I woke this morning at peace. I had accepted the fact that the Texas Rangers would lose this World Series as soon as that home run ball left David Freese’s bat. I spent most of Friday in a state of mourning, but had come to terms with it as I listened to Game 7 on my phone while covering a high school football game.
Following the Rangers has always been about disappointment. But, in the past, the let down was spread across an entire season, like a slow, usually comical death. By the time it was over, you had already done your suffering. Game 6 was the opposite. I felt that the Cardinals had stabbed me in the heart, yet somehow kept me alive long enough to appreciate the pain. So, yeah, that sucked,
But I can thank Titus Andronicus for my sense of peace today. On my drive home from the stadium, I popped in their CD “The Monitor,” an angsty pseudo-concept album about the Civil War battle between the Monitor and the Merrimack. Or, an album tailor-made for me.

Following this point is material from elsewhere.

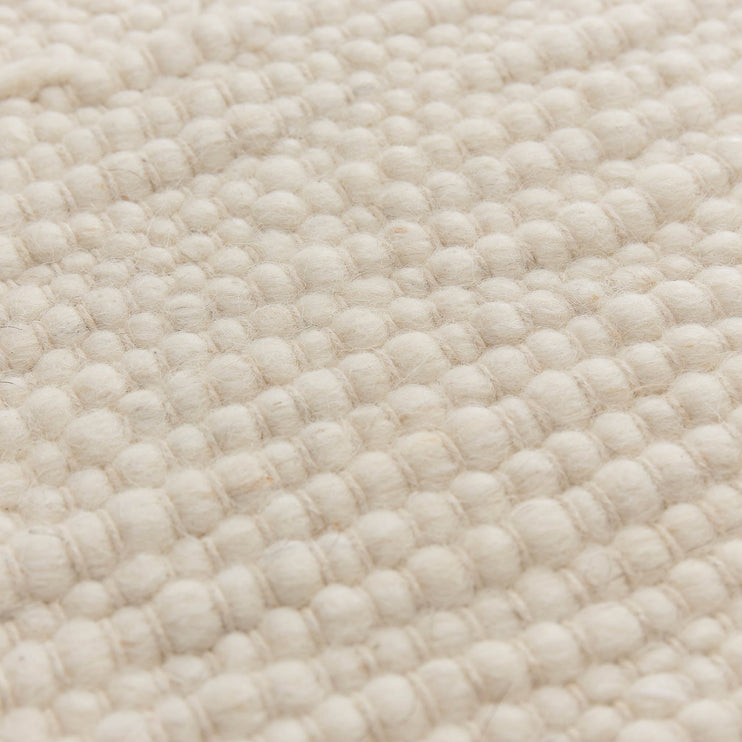 Runner Palani Natural white, 100% Wool | High quality homewares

The back-to-back gut-punch of “No Future Part Three: Escape From No Future” and “Richard II” summed up my feelings about the Rangers. No future would be the team’s theme song with the final refrain “You will always be a loser” repeated a dozen or so times. It just took a bearded dude from Jersey to write it. But for as much as that song tore me down, “Richard II” built me up. The lyrics have nothing to do with baseball, and are pretty depressing, too, but the music uplifted me somehow. Rousing is what I’d call it.
Somehow, like a beer in the morning following a hard night of drinking, those two songs cured my World Series hangover. I’m OK with it. I wouldn’t trade this season for any other, terrible collapse or not. I’m already ready to debate Rob and Austin and Jim and Jose Bowe about whether or not C.J. Wilson is worth resigning (I think he is) or if we should pursue Albert Pujols (fuck you, Cardinals!) or if Jurickson Profar will save us all (he will).
So do yourself a favor, suffering Ranger fan, and listen to these two songs back-t0-back. You can thank me later.